Книги

Боевой путь поэта. Записки кавалериста

22
18
20
22
24
26
28
30

Сейчас война приятная, огорчают только пыль во время переходов и дожди, когда лежишь в цепи. Но то и другое бывает редко. Здоровье мое отлично.

Ну и задала же ты мне работу с письмом Сологубу. Ты так трогательно умоляла меня не писать ему кисло, что я трепетал за каждое мое слово — мало ли что могло причудиться в нем старику. Однако все же сочинил и посылаю тебе копию. Лучше, правда, не мог, на войне тупеешь. Письмо его меня порадовало, хотя я не знаю, для чего он его написал[116]. А уж наверно для чего-нибудь! Впрочем, я думаю, что оно достаточная компенсация за его поступки по отношению лично ко мне, хотя желанье «держаться подальше от акмеистов» до сих пор им не искуплено.

Что же ты мне не прислала новых стихов? У меня кроме Гомера ни одной стихотворной книги, и твои новые стихи для меня была бы такая радость. Я целые дни повторяю «где она, где свет веселый серых звезд ее очей»[117] и думаю при этом о тебе, честное слово.

Сам я ничего не пишу — лето, война и негде, хаты маленькие и полны мух.

Целуй Львенка, я о нем часто вспоминаю и очень люблю.
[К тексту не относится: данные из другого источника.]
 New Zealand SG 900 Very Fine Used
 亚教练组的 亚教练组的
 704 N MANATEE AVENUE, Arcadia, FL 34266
В конце сентября постараюсь опять приехать, может быть, буду издавать «Колчан». Только будет ли бумага, вот вопрос.

Целую тебя, моя дорогая, целуй маму и всех.

Да, пожалуйста, напишите мне, куда писать Мите[118] и Коле маленькому. Я забыл номер Березинского полка.

Твои всегда Коля.

Копия письма Федору Кузьмичу Сологубу:

«Многоуважаемый Федор Кузмич!

Горячо благодарю Вас за Ваше мнение о моих стихах и за то, что Вы пожелали мне его высказать. Это мне тем более дорого, что я всегда Вас считал и считаю одним из лучших вождей того направленья, в котором протекает мое творчество. До сих пор ни критика, ни публика не баловали меня своей симпатией. И мне всегда было легче думать о себе как о путешественнике или воине, чем как о поэте, хотя, конечно, искусство для меня дороже и войны и Африки. Ваши слова очень помогут мне в трудные минуты сомненья, которые, вопреки Вашему предположенью, бывают у меня слишком часто.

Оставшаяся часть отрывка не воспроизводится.